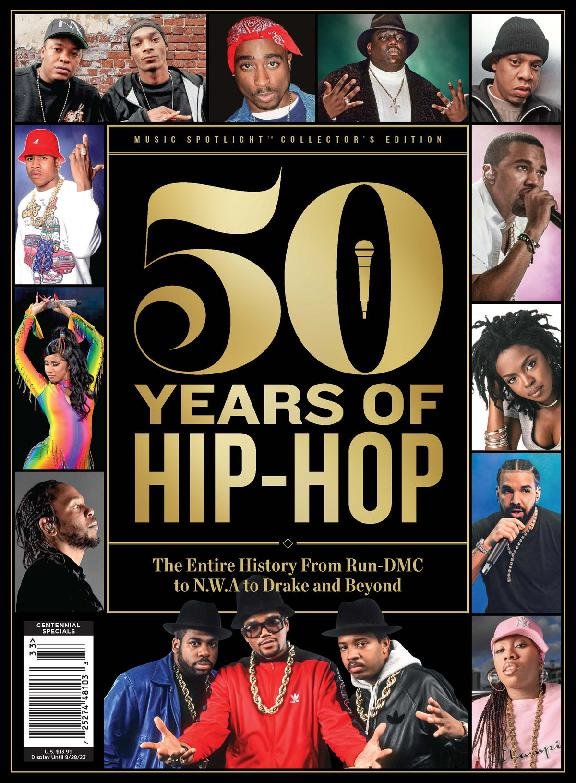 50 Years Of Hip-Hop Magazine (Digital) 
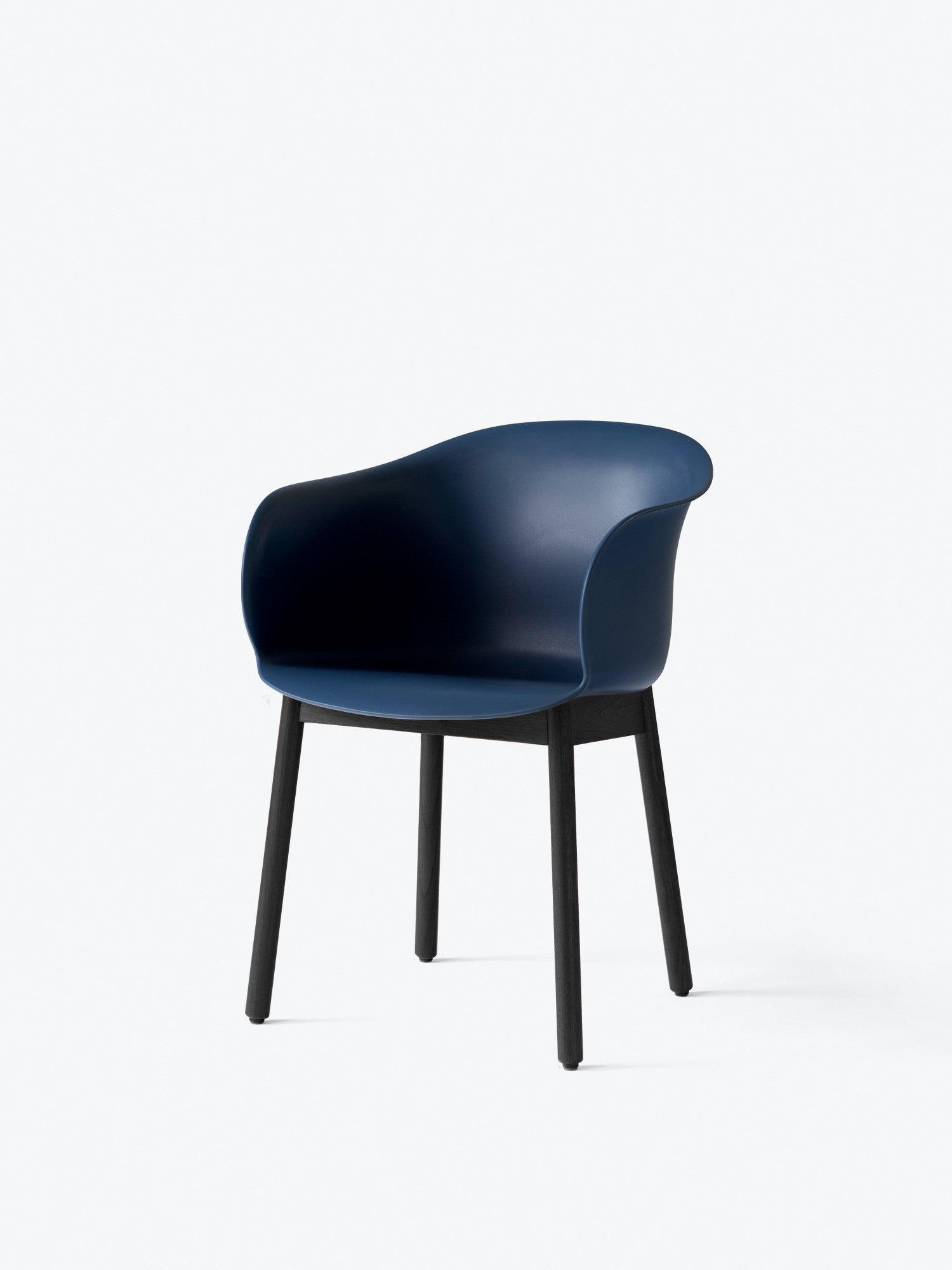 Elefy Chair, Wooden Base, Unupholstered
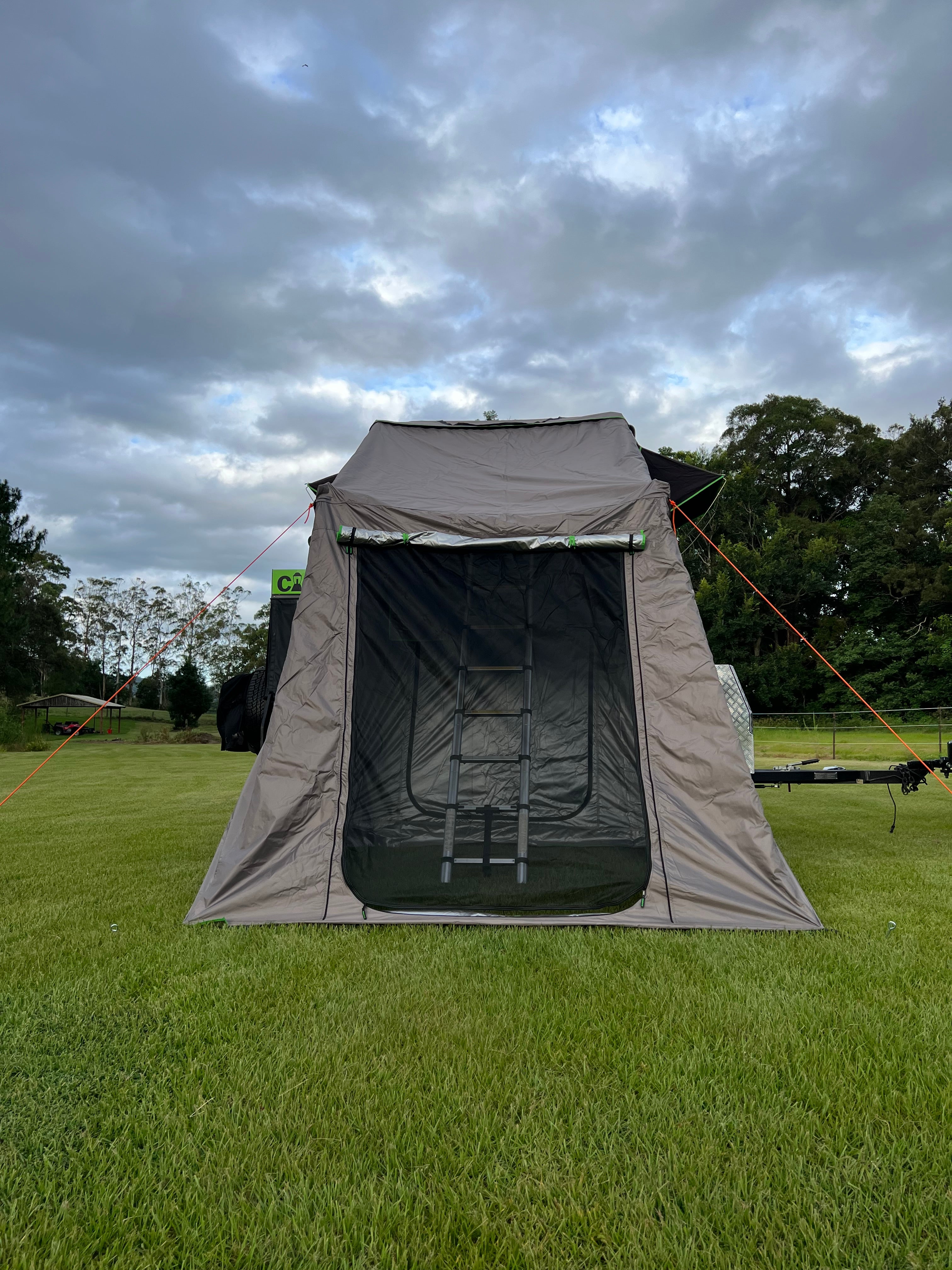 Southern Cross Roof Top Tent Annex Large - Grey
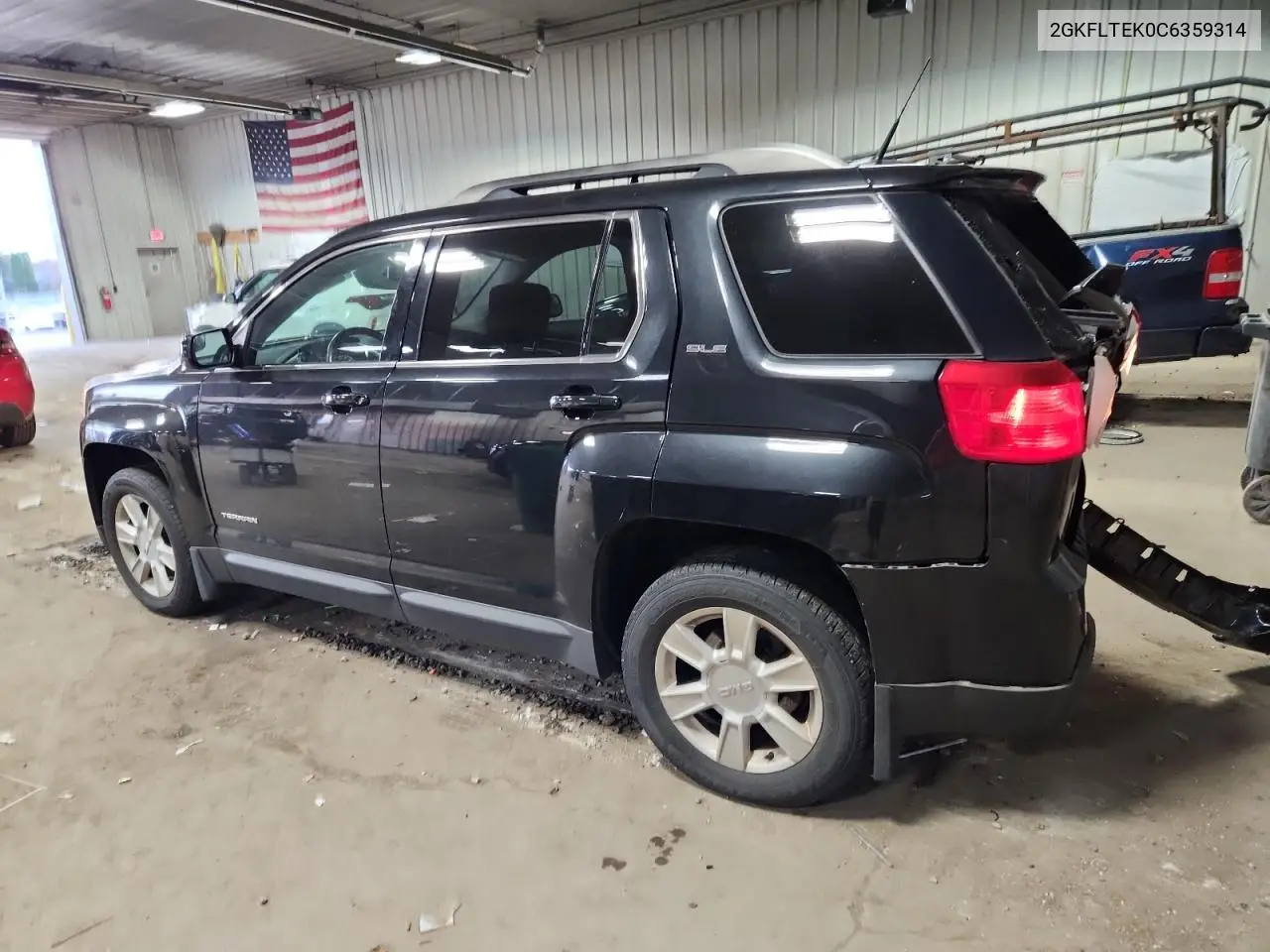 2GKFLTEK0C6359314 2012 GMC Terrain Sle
----
#### Assigned task
Leave the pictures out and return the rest of the material exactly.

#### Task response
 50 Years Of Hip-Hop Magazine (Digital) 
 Elefy Chair, Wooden Base, Unupholstered
 Southern Cross Roof Top Tent Annex Large - Grey
 2GKFLTEK0C6359314 2012 GMC Terrain Sle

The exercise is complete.